An exact copy of every line from the one holding "Venda de Ponto" to the end of the entries below is required; leave the pictures out.

=== Listed entries ===

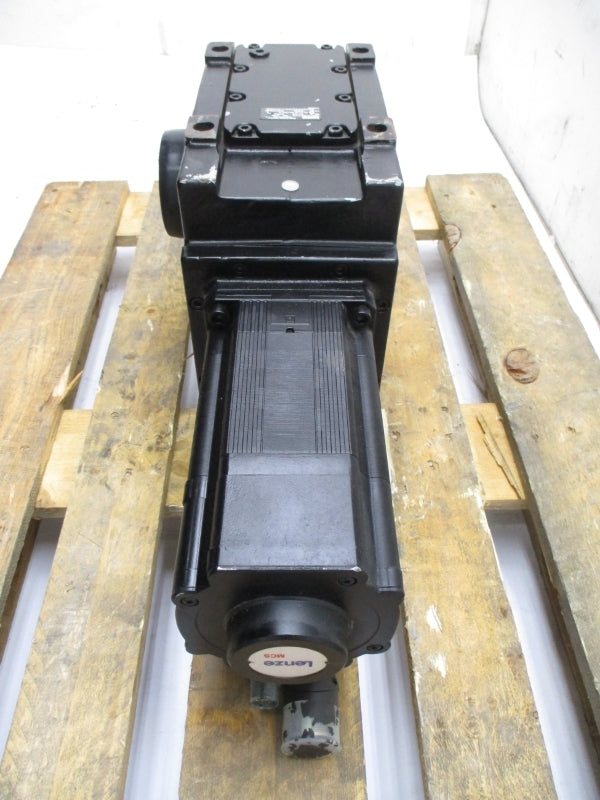 LENZE GKS07-3SSBR14LC32 NSNP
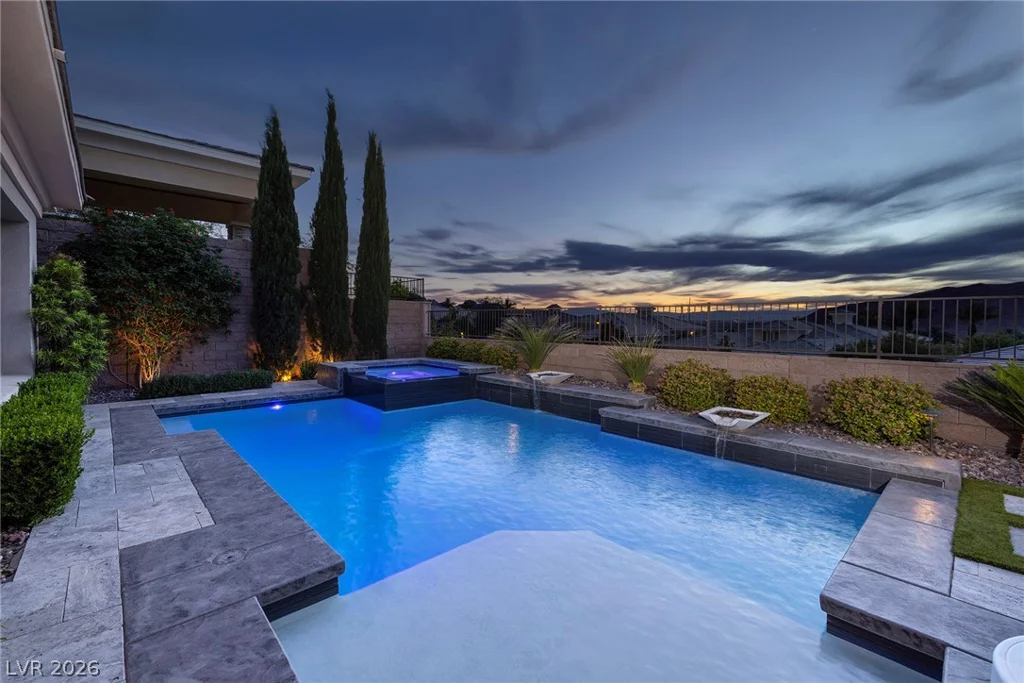 1 Costa Tropical, Henderson, NV 89011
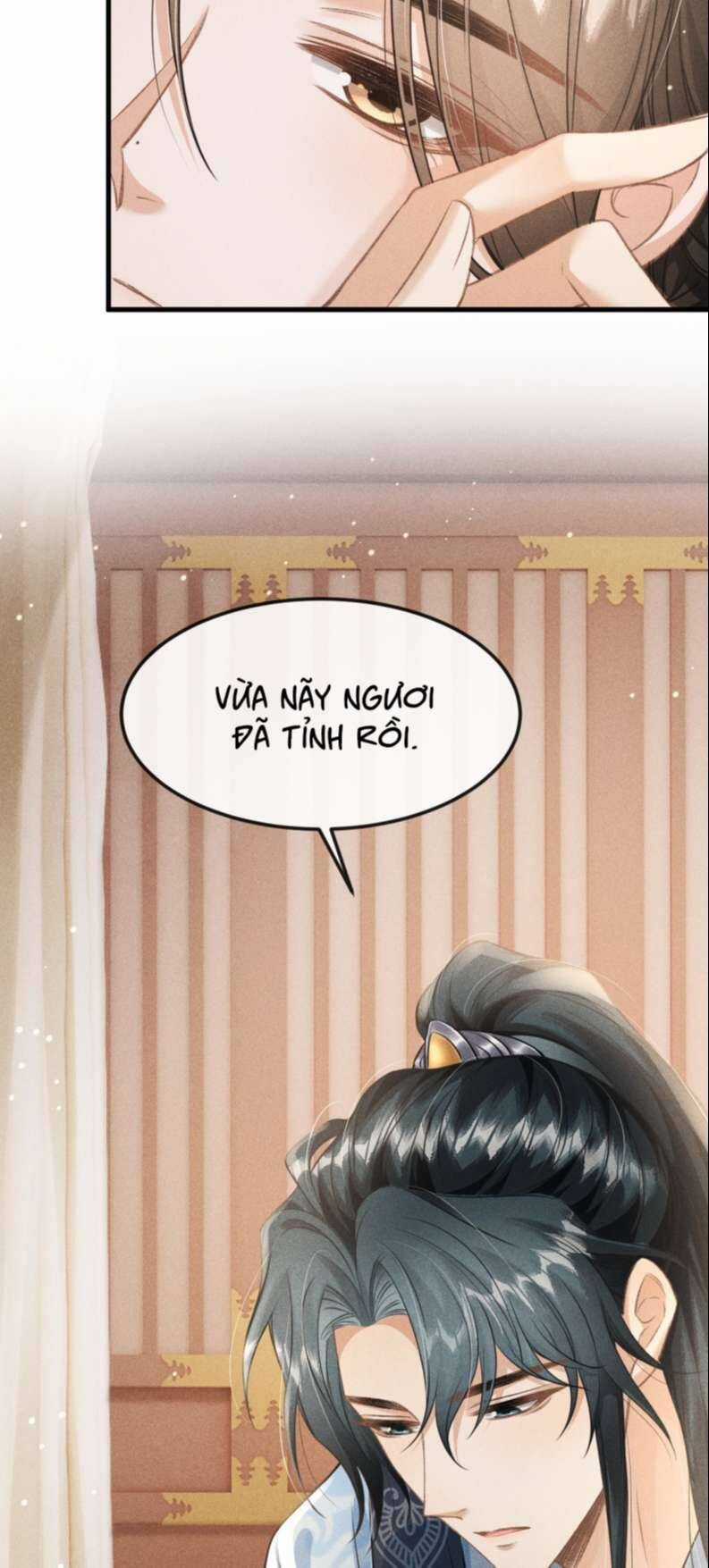 Đan Tiêu Vạn Dặm - Chương 30 - Trang 49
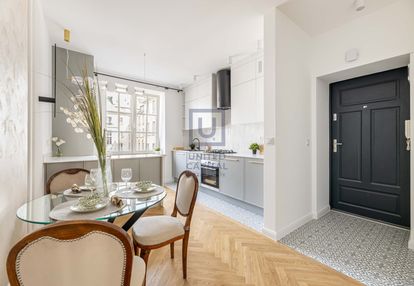 Kamienica | wysokie 280 | jasne | cisza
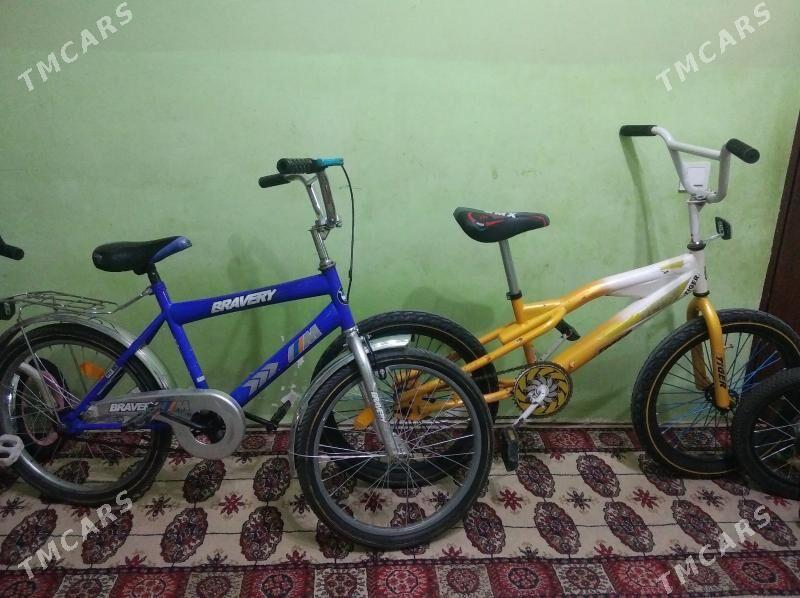 Çaga Tigir 20lik Amatly - Aşgabat - img 1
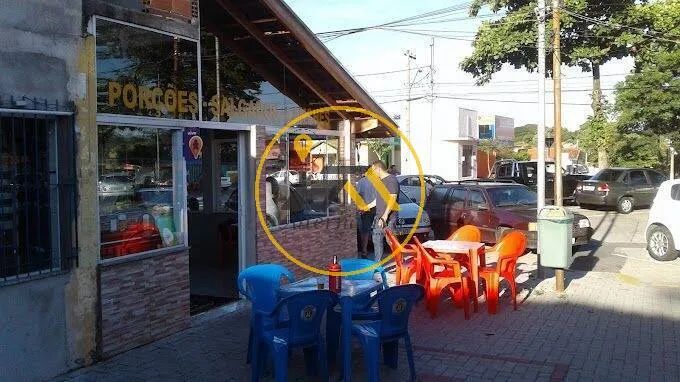 Venda de Ponto Comercial Cidade Vista Verde - Foto 3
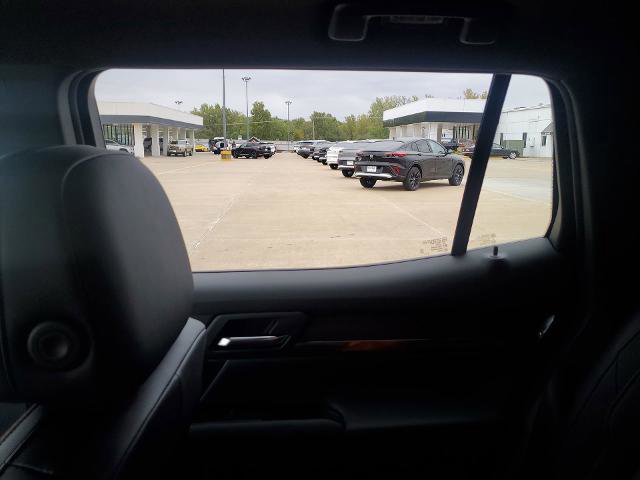 New 2026 GMC Terrain AT4 w/ Convenience Package III image 12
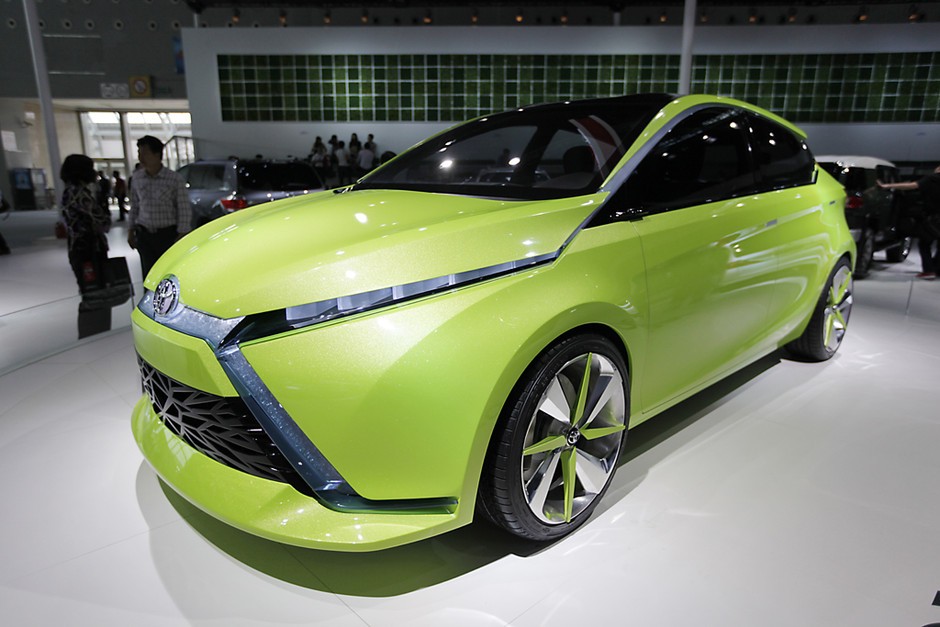 日本擬收緊環保車優惠標準 全力建設“氫能社會”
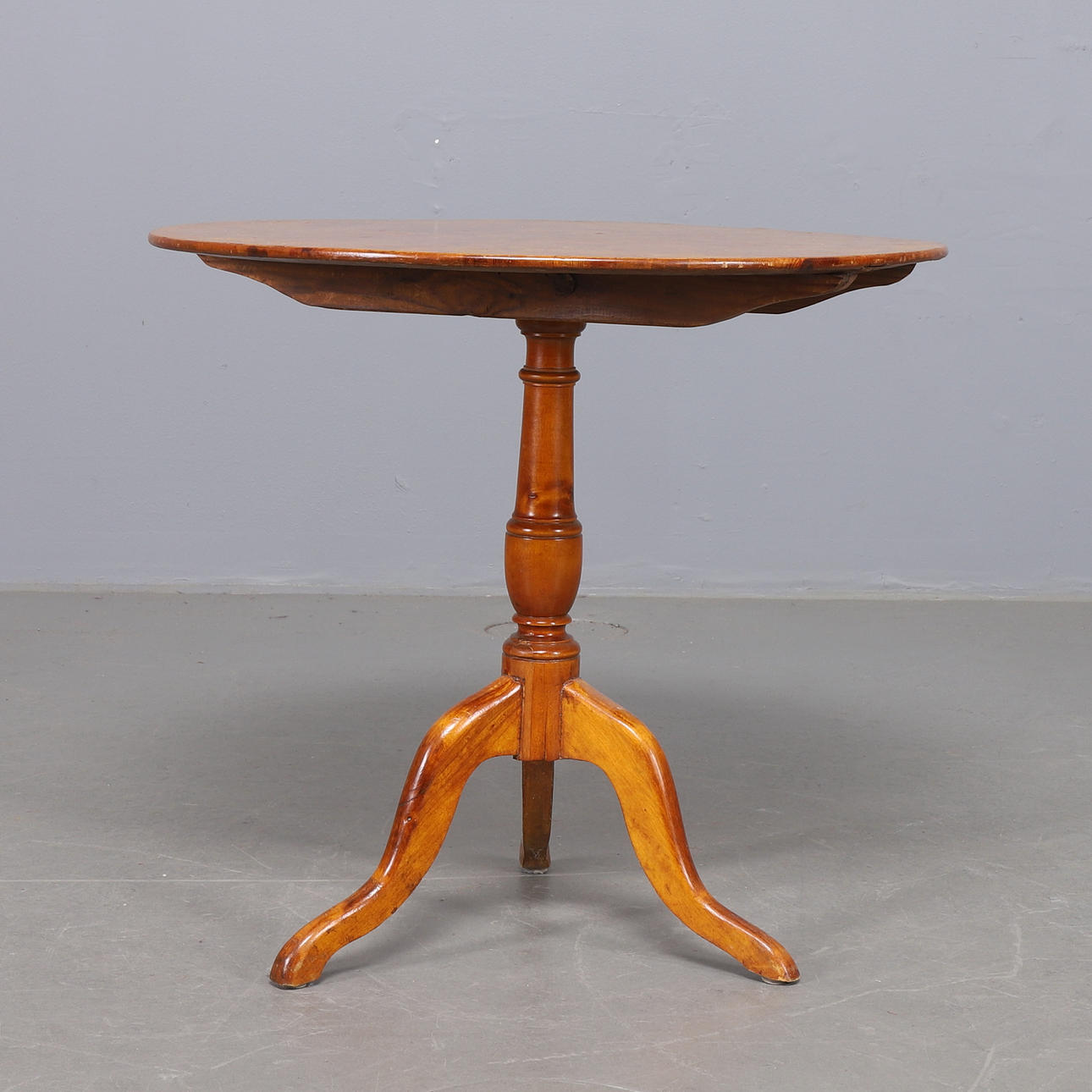 FÄLLBORD, alrot, omkring år 1800.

===

### Response to the task
 Venda de Ponto Comercial Cidade Vista Verde - Foto 3
 New 2026 GMC Terrain AT4 w/ Convenience Package III image 12
 日本擬收緊環保車優惠標準 全力建設“氫能社會”
 FÄLLBORD, alrot, omkring år 1800.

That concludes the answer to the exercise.